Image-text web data
──────
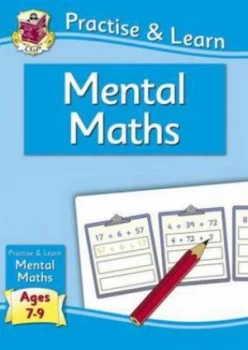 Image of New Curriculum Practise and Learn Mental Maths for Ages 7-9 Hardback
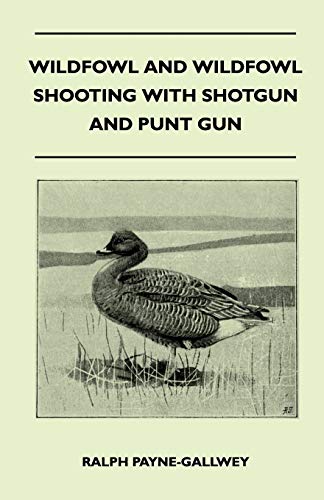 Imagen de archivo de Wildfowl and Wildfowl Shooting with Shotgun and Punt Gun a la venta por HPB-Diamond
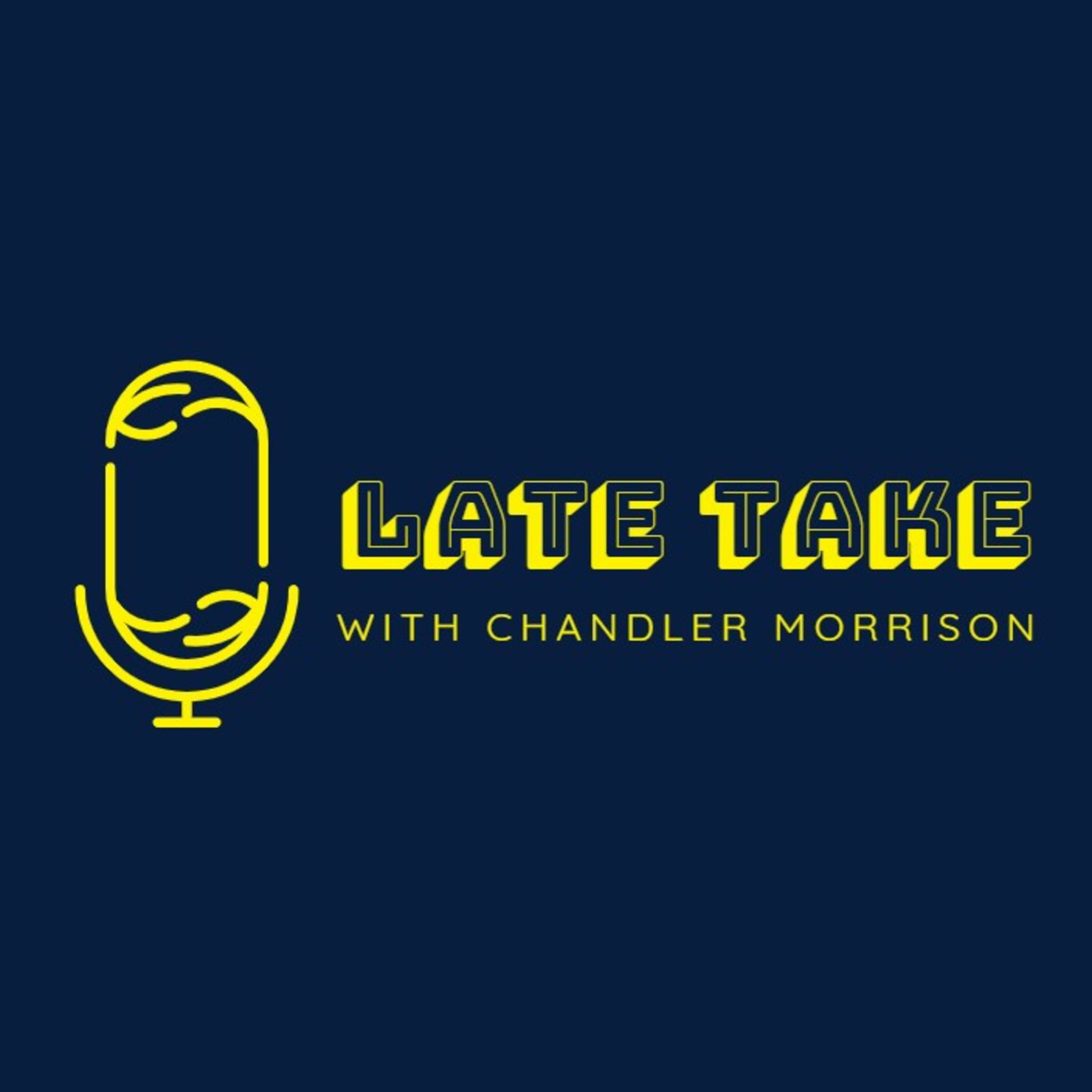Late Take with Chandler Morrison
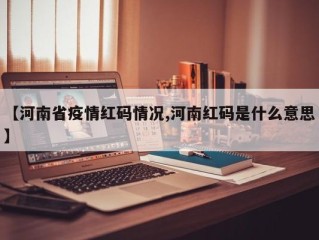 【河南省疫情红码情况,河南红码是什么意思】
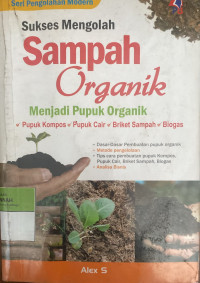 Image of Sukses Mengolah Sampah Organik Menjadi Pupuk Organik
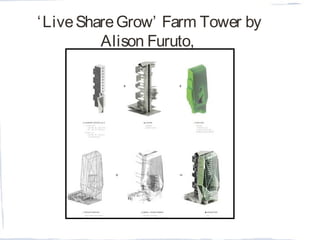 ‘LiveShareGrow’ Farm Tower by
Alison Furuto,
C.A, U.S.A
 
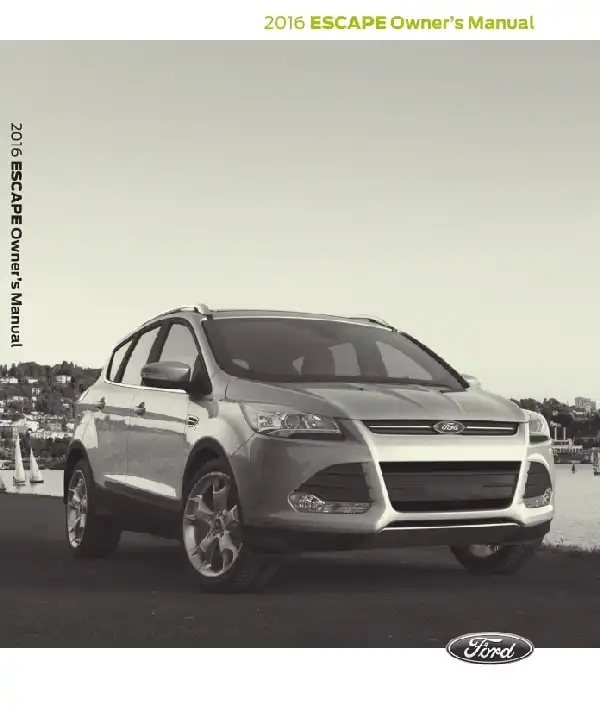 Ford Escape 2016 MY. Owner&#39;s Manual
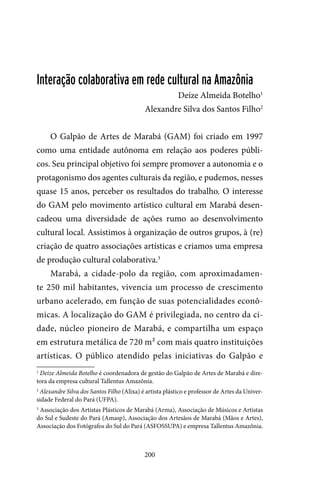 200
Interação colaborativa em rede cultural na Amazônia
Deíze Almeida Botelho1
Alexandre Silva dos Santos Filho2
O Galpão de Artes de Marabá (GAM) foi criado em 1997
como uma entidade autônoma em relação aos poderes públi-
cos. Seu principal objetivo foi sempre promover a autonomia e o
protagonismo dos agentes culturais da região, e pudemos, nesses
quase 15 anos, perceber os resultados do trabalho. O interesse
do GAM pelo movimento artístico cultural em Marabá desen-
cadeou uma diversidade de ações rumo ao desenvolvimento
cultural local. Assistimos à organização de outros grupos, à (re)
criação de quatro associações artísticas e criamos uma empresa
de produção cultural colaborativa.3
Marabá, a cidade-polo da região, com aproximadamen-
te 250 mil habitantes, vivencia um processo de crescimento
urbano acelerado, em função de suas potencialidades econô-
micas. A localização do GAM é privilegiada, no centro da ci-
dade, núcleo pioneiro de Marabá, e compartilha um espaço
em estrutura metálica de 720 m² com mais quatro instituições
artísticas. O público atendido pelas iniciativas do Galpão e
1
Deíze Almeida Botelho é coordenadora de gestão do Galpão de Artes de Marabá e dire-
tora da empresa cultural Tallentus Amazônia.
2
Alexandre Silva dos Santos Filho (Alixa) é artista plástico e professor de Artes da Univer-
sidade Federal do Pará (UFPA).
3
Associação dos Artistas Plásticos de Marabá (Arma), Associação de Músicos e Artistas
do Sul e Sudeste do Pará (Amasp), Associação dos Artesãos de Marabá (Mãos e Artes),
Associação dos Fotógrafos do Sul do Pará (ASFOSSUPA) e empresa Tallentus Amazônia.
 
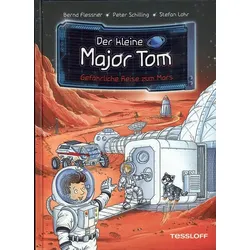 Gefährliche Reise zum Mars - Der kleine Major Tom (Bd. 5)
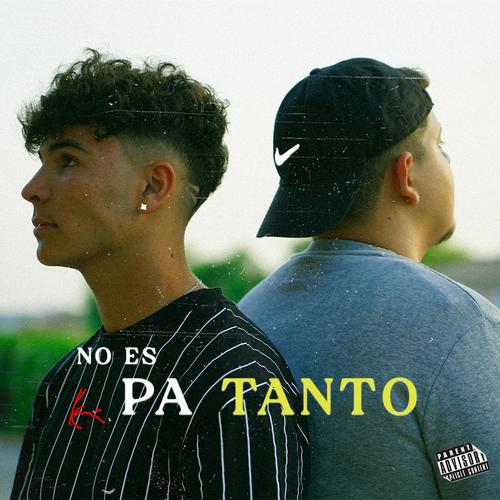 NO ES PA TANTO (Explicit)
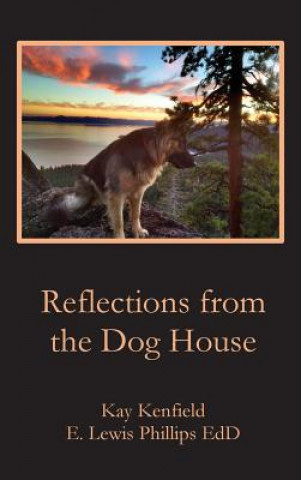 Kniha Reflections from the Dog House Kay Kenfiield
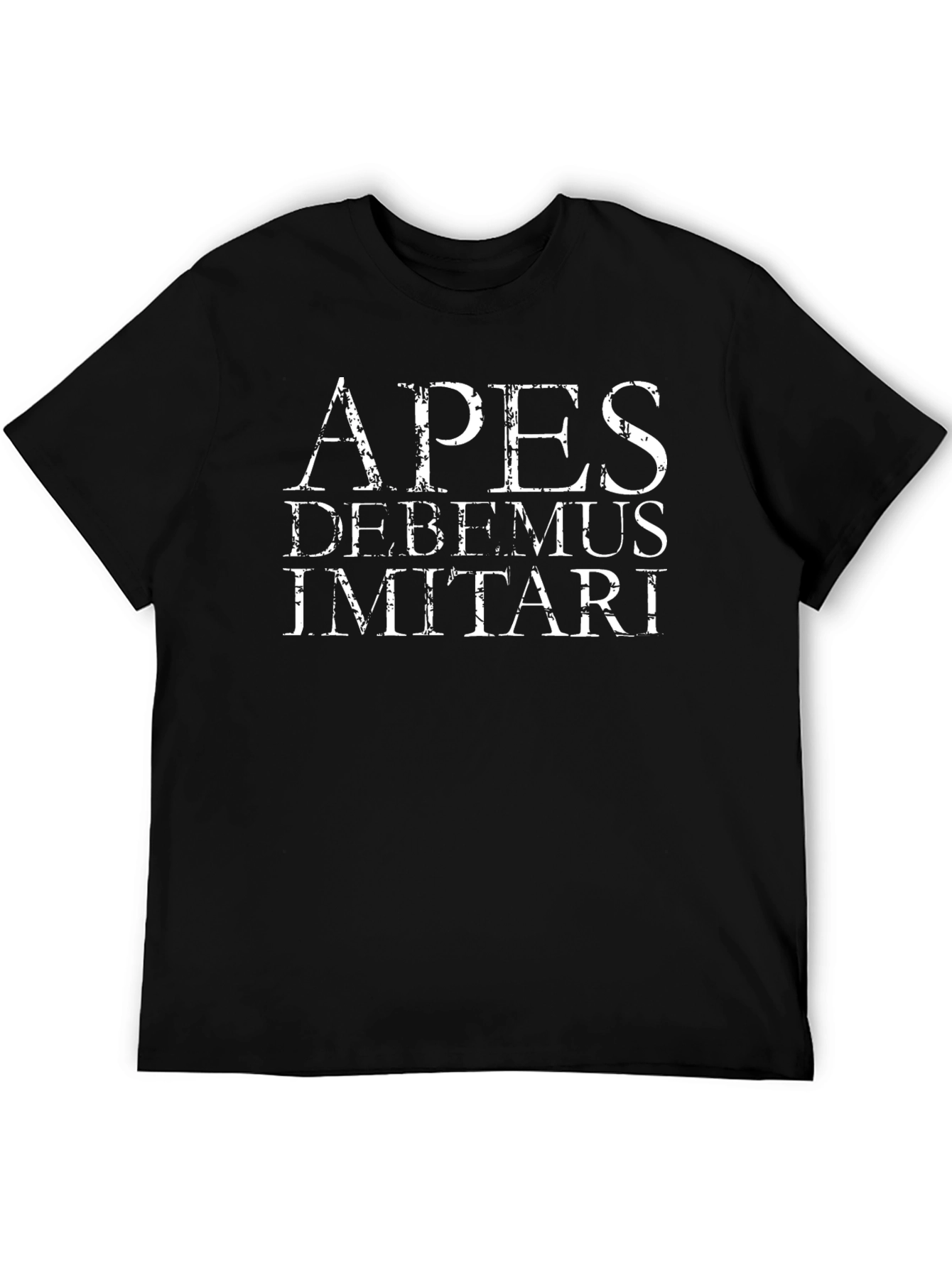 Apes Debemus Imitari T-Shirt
──────
- _AIM OF THE EXERCISE_
Could you reproduce exactly the lines of the entries above, from the one with "Interação colaborativa em" through the one with "quase 15 anos, perceber", and nothing else?

- _YOUR RESPONSE_
Interação colaborativa em rede cultural na Amazônia
Deíze Almeida Botelho1
Alexandre Silva dos Santos Filho2
O Galpão de Artes de Marabá (GAM) foi criado em 1997
como uma entidade autônoma em relação aos poderes públi-
cos. Seu principal objetivo foi sempre promover a autonomia e o
protagonismo dos agentes culturais da região, e pudemos, nesses
quase 15 anos, perceber os resultados do trabalho. O interesse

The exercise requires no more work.